As was widely anticipated, today, the US Federal Reserve announced a 25 basis point increase to its benchmark rate as it continues to battle nagging inflation that has imperiled the economy.
The vote by the Federal Open Market Committee (FOMC) was unanimous in its decision.
The statement issued by the FOMC largely reflected the prior statement with some nuanced changes.
The Fed said that recent indicators point to modest growth in spending and production while jobe growth has continued to be robust. While inflation has diminished somewhat, it continues to be elevated.
The Committee said that it is “highly attentive to inflation risks” while adding that it anticipates ongoing increases in order to attain a monetary policy that is “sufficiently restrictive to return inflation to 2 percent over time.”
As always, the FOMC will continue to monitor the data and act accordingly.
Some Fed whisperers interpreted the statement and comments by Fed Chair Jerome Powell as an indicator of a possible pause in rate increases.

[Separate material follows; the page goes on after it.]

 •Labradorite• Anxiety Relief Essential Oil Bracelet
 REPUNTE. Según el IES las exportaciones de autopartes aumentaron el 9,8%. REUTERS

Richard Carter, head of fixed interest research at Quilter Cheviot, shared his thoughts on the Fed’s decision, describing it as a return to a more normal process of 25 bps as opposed to the past 50 bps increases.

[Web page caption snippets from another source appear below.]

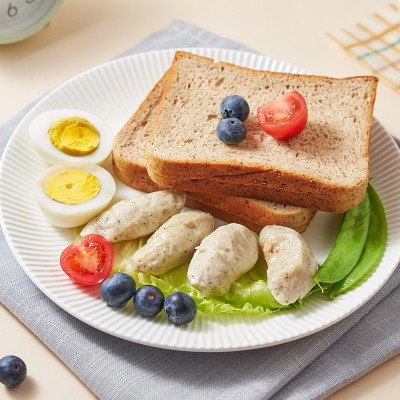 批发低脂鸡肉球高蛋白健身代餐轻食鸡肉丸子火锅食材抖快代发图3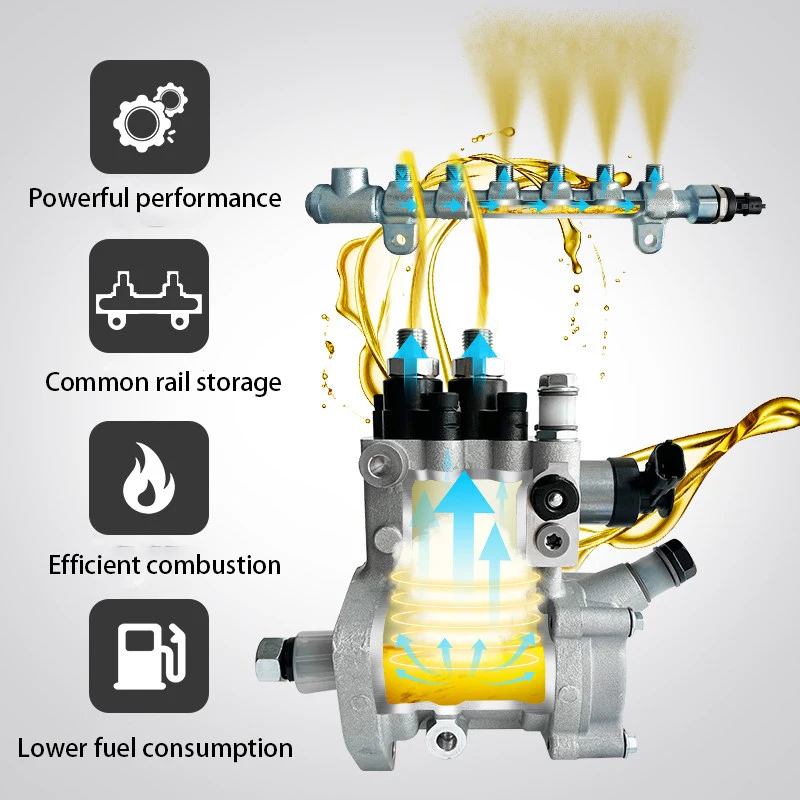 High-pressure fuel injection pump assembly unit pump BH4PYD105Y-1072B BH4PYD110Z-477W BH4W10545Y-3173 forYTOtractor engine parts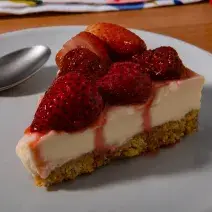 Cheesecake de Fresa Sin Horno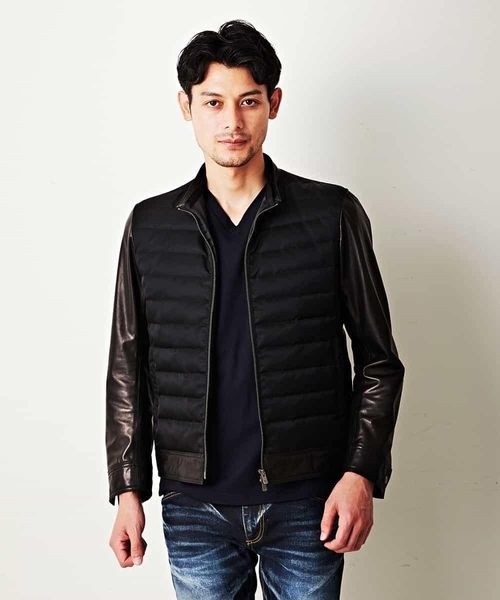 MICHEL KLEIN HOMME (ミッシェルクランオム)の「レザーブルゾン(BABY GOAT NAKED)(ブルゾン・メンズ・ブラック・MEDIUM/LARGE/X-LARGE)」の5枚目の写真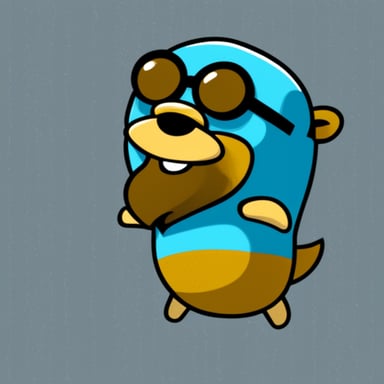 Go blue gopher is concurrent and fast. Go blue gopher is even faster.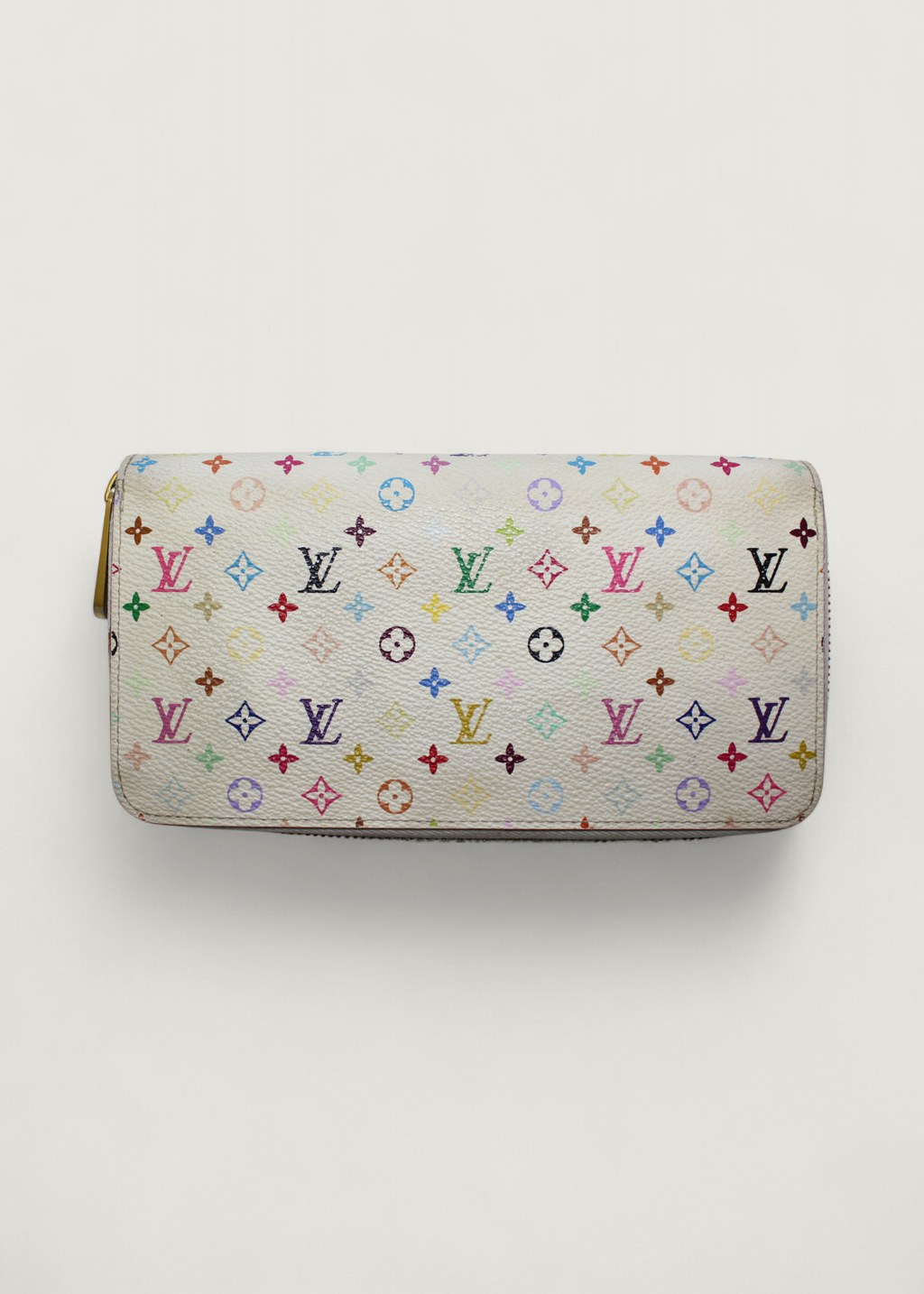 Preloved | Louis Vuitton Monogram x Takashi Murakami Multicolor Zippy Hvid Pung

“Investors should not confuse this as the end of the rate hiking cycle, instead a pause for breath as the Federal Reserve looks to continue to fight inflation, while also assessing if further hikes are the way to go. The economy has been fairly resilient and the consumer remains in okay shape. Recession could be avoided as a result, but this means we need to prepare for the Fed to continue raising rates for as long as inflation remains elevated. The last thing it wants to do is take its foot off the gas too early and stoke a new inflationary cycle,” stated Carter.

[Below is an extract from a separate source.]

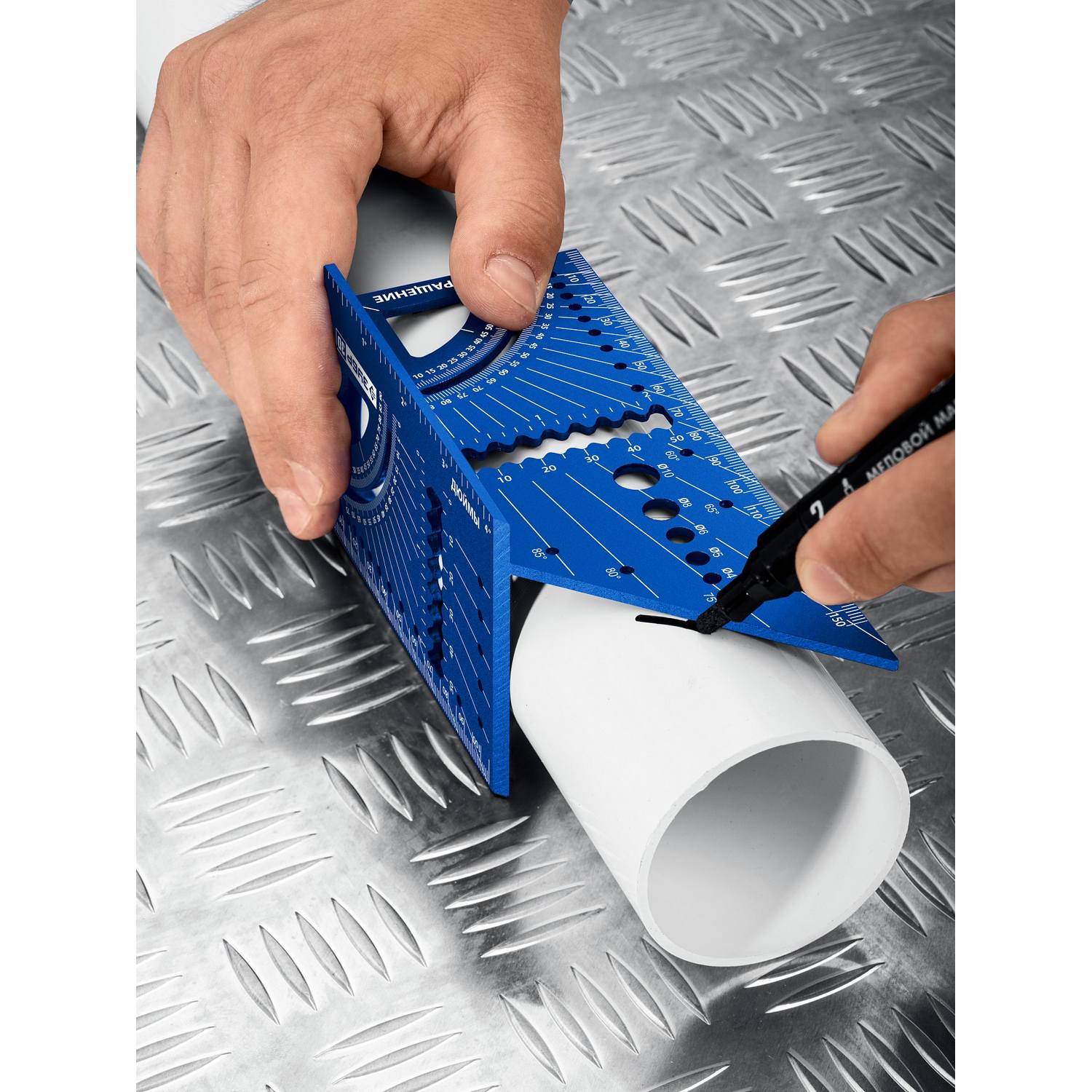 Угольник многофункциональный ЗУБР 3D, 7-в-1 {34399}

He added a cautionary note that we should not assume rate cuts if we are coming to an end of interest rate increases.
“Despite the rally we have seen in markets during January, volatility will be ever present until we get that certainty about the economy and the impact of higher interest rates for longer,” Carter said.
Meanwhile, while it took a bit for the markets to ingest the information, markets turned higher later in the day, with the Dow, S&P, and Nasdaq all closing higher.
The bulls also won the aftermarket trading as Meta (NASDAQ:FB) beat expectations, shooting shares 18% higher. With both Amazon (NASDAQ:AMZN) and Apple (NASDAQ:AAPL) reporting tomorrow, the results may determine which way the markets head in the coming weeks.